Thus asks Lisa Mueller, a PhD student at UCLA, in a paper presented at a meeting of the Working Group in African Political Economy last year. She notes that theories of deprivation and protest clearly predict that the poor, who are worse off in absolute terms, should protest their living conditions more often. However, Africans on average protest no more than Latin Americans, who are approximately 5 times as wealthy.
As Mueller points out,”people rise up (1) because they want to and (2) because they can” (p. 4). Addressing the first part of this statement, theories of relative deprivation suggest that people might want to rise up when they feel that they are currently worse off than other groups in society.
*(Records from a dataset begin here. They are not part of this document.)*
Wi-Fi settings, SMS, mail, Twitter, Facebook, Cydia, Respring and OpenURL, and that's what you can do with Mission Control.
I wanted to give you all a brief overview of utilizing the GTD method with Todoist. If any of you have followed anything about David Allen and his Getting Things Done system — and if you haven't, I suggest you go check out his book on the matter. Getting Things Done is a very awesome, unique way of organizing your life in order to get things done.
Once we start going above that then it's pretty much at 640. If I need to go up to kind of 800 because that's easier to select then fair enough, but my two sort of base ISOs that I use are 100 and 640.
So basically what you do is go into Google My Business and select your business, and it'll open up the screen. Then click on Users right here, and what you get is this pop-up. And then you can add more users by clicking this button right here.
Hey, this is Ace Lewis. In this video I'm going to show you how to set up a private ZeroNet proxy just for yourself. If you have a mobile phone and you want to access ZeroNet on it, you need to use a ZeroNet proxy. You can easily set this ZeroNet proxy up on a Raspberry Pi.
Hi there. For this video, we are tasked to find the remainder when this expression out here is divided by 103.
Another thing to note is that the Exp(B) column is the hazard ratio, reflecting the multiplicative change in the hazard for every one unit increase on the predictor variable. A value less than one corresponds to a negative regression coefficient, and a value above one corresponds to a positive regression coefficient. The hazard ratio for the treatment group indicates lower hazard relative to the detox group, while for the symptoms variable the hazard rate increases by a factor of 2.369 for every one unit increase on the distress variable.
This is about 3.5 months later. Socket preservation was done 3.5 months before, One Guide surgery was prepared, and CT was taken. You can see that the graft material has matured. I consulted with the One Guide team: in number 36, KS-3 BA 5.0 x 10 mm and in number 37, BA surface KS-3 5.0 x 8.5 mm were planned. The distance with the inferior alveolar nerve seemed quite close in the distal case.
Similarly, theories of the prospect of upward mobility predict that people might protest when they feel that their standards of living will not rise in the future. Using Afrobatometer data, Mueller finds that Africans who are either absolutely or relatively deprived are no more likely to rise up than people who are not. (However, she does find that people whose standards of living have absolutely declined in recent years, rather than remaining stable at a low level, are somewhat more likely to protest.) She also reports that people who believe their prospect of upward mobility to be low are about 2% more likely to protest than those who believe their prospects are better.
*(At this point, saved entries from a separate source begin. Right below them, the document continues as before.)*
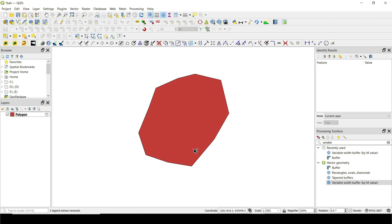What I'm about to show you might look very simple, and some of you might be asking where you can use this method — I'll show you some cool examples at the end. As you've seen in the intro, we created different buffers for different features, which is simple. But in the case where we have just one feature, it's a little more complicated since we cannot use the attribute table to assign different values — there will be just one feature with just one value. So let's say we want a 10-meter buffer from this side and a 50-meter buffer from this side.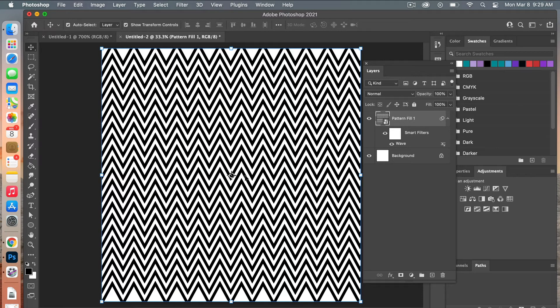You will see the chevron pattern take shape for your digital paper.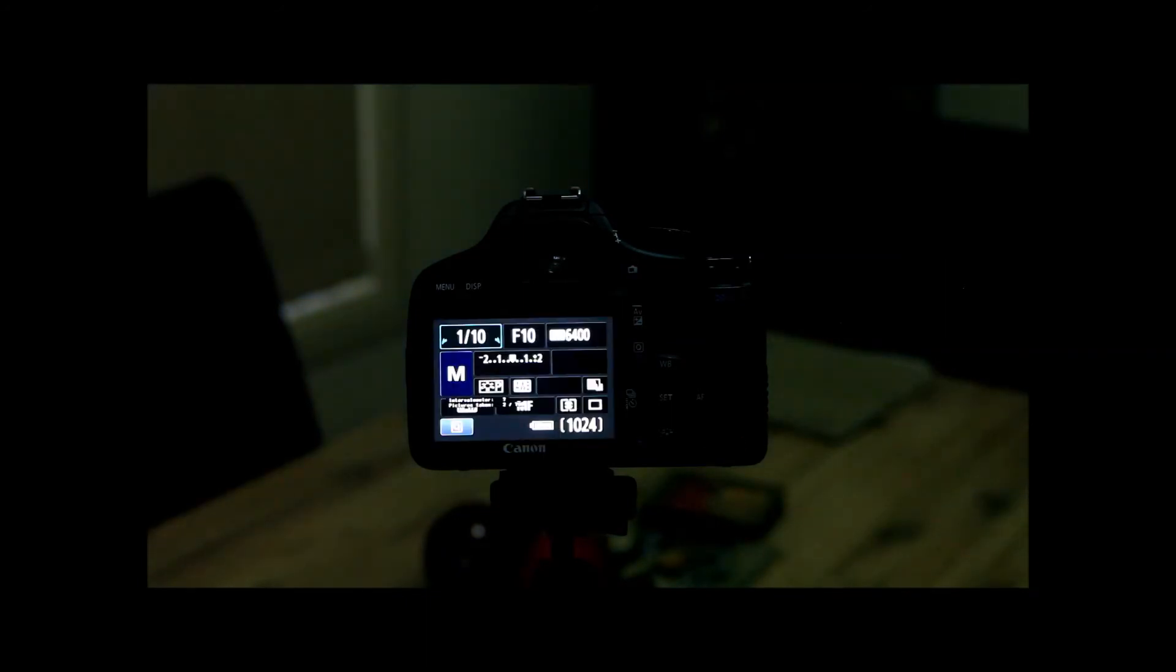When you're doing manual focusing, this is where you've got that gap there to change your settings and meter for light change, especially sunrise and sunset time-lapses.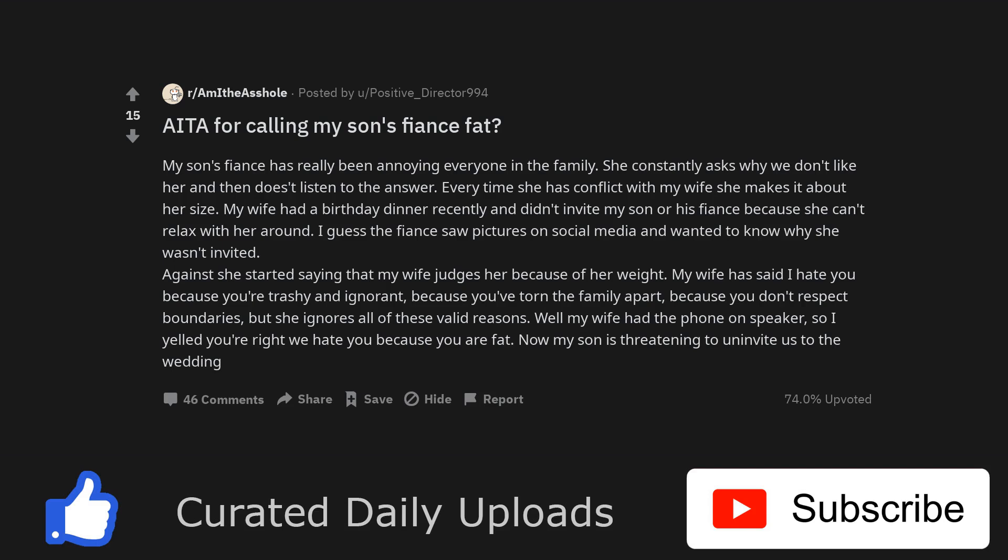I guess the fiancé saw pictures on social media and wanted to know why she wasn't invited. Again she started saying that my wife judges her because of her weight. My wife has said I hate you because you're trashy and ignorant, because you've torn the family apart, because you don't respect boundaries, but she ignores all of these valid reasons.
One reason why more impoverished Africans do not protest may be the difficulty of organizing collective action in remote rural areas, where poverty tends to be worst. Mueller finds that people who have reported attending community meetings are approximately 3 times more likely to protest than those who have not – a much more substantive effect than found for either relative deprivation or upward mobility. However, she doesn’t address the probability of attending a community meeting conditional on urban or rural residency, so this doesn’t do much to tease out the predictors of protest in different locales. She does note that urban Africans are no more likely to protest than rural, but drops this interesting finding rather quickly with a comment about fear of police reprisals.
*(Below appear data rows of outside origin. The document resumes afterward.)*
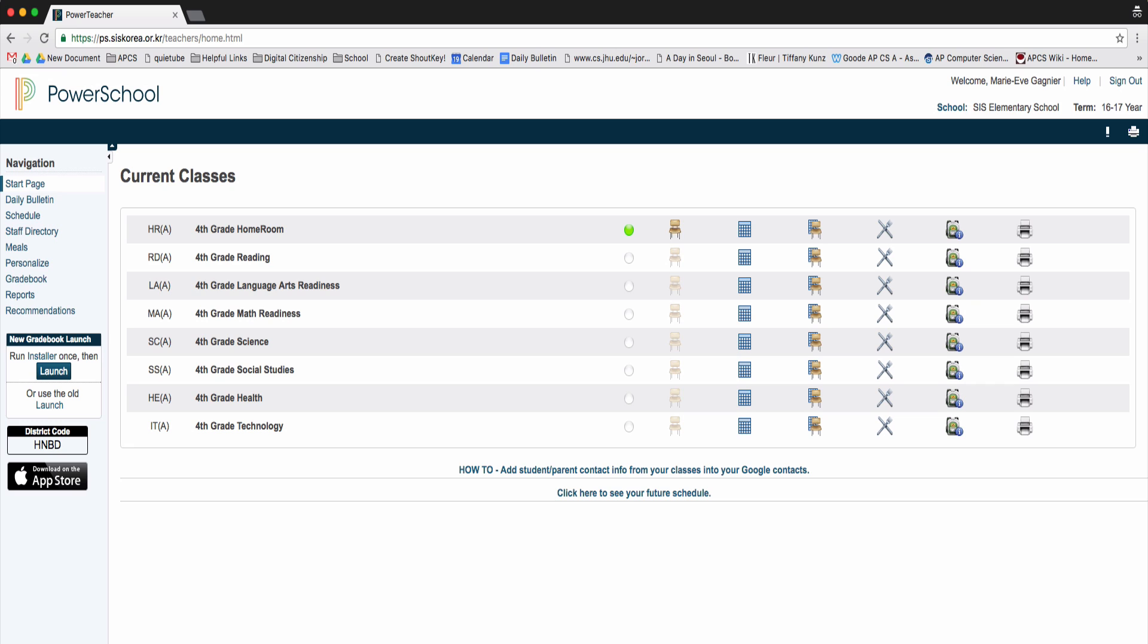After you submit attendance, you'll see that there's a green dot that appears next to your class, saying that you've taken attendance.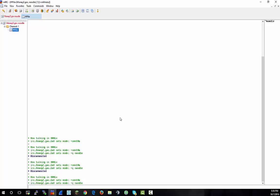Next tutorial, I will be showing you how to scan for bots on IRC botnet, so stay tuned. See ya.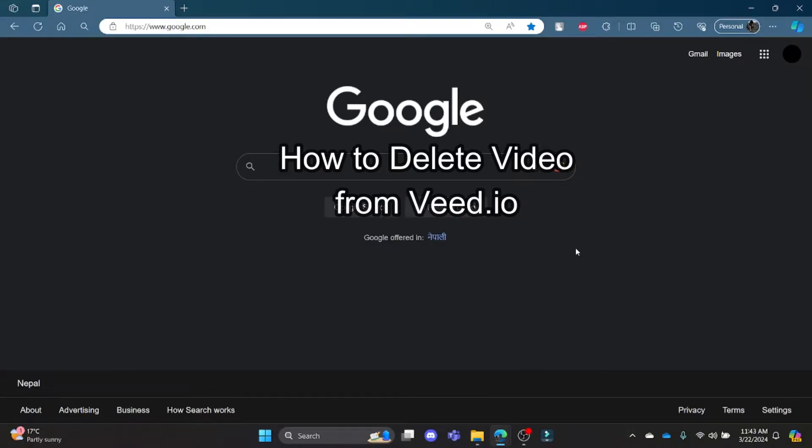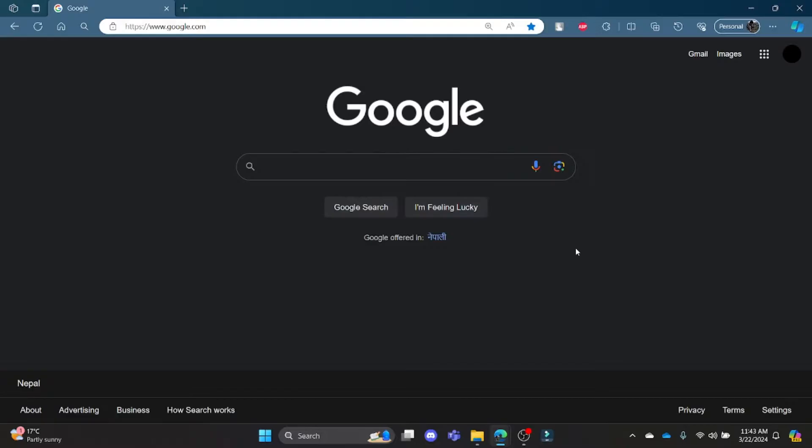Hello and welcome to AI Basics, it's your host back again with yet another interesting tutorial video. In this video, I'm going to teach you how you can delete your video from VEED. So go ahead and open the Chrome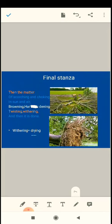Then the matter of scorching and choking in sun and air, browning, hardening, twisting, withering, and then it is done. Then the matter, m-a-t-t-e-r, matter.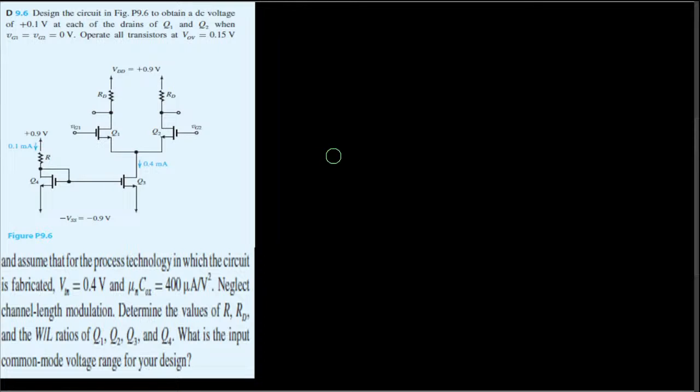What is the input common mode voltage range for your design? So we have to find R, Rd, W/L ratios for all these transistors, and also the common mode range. Let's go ahead and do them one by one.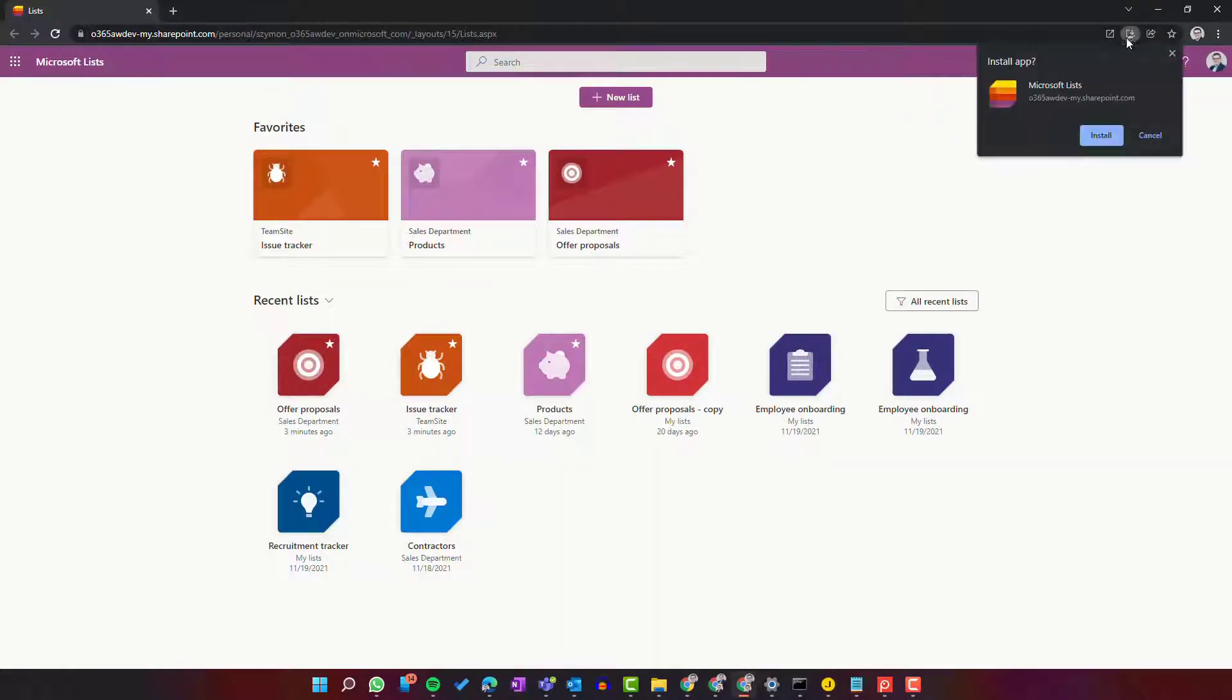If you install the application, you'll be asked if you want to install Microsoft List desktop app on your PC. Let's see how it looks.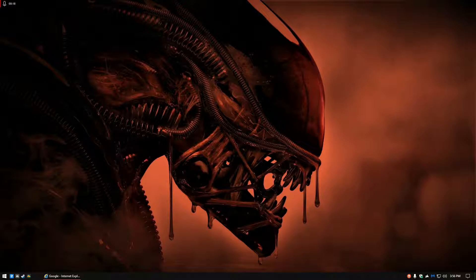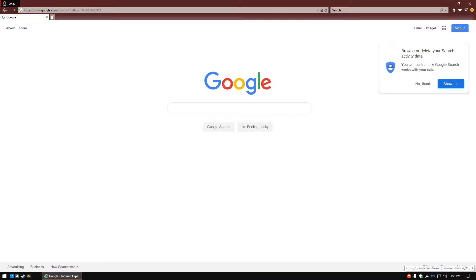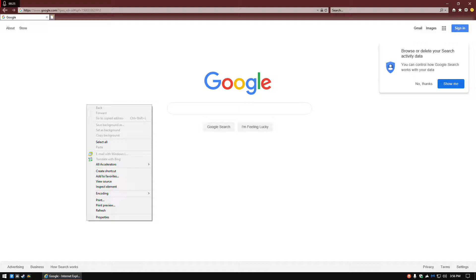First I'll show you with Internet Explorer how easy it was to do it. You would go to any website, right click anywhere, and create shortcut. That's all you had to do with Internet Explorer.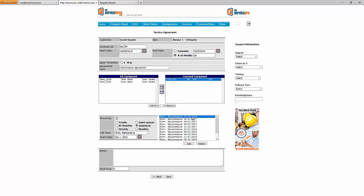One thing to point out: the service agreement piece is a scheduling tool — it's not like you're tying a customer into a three-year agreement. You can set it up that way if you want to track your agreements, but the customer doesn't necessarily need to have a signed agreement with you. It's a tool for scheduling and not necessarily for tracking contracts with a particular customer.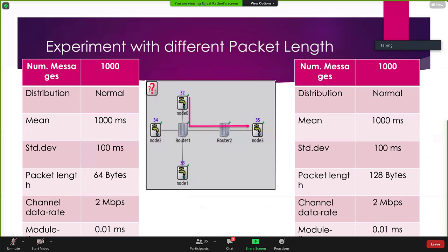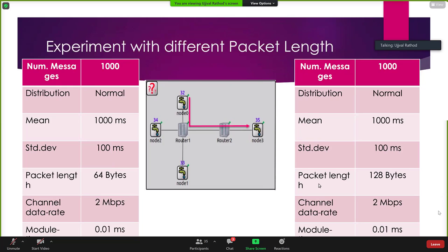In the experiment network, there are three source nodes connected via router one and router two to node three. For the first kind of experiment, I sent 1000 messages with a normal distribution around a mean value of 1000 milliseconds from the source node to the destination. For the first experiment, the packet length was set to 64 bytes, and for the second experiment, it was set to 128 bytes. This was done to compare the end-to-end delay and other network parameters between these experiments.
All in all, it’s a very interesting paper on a timely topic. However, I do question the conclusion she draws: “Africans seem to be refraining from protest because they anticipate changes in their living conditions” (p. 17). This sits a bit oddly with the fact that “65 percent of respondents in the most recent round of surveys said they believe that government economic policies have hurt most people and benefited only a few” (p. 18). A discussion of the role of government reprisal would slot in extremely neatly here.
That said, this also put me in mind of a recent post by one of IPA’s staffers in Uganda. He wrote of Museveni’s re-election that “there are too many people who lived through the terror and who are thus easily enough appeased by ‘peace and stability’ campaign platforms. Change, to the generation(s) that lived through the bad, is synonymous with ‘danger.'” The welfare improvements of stability might outweigh the problems of bad policy in some cases.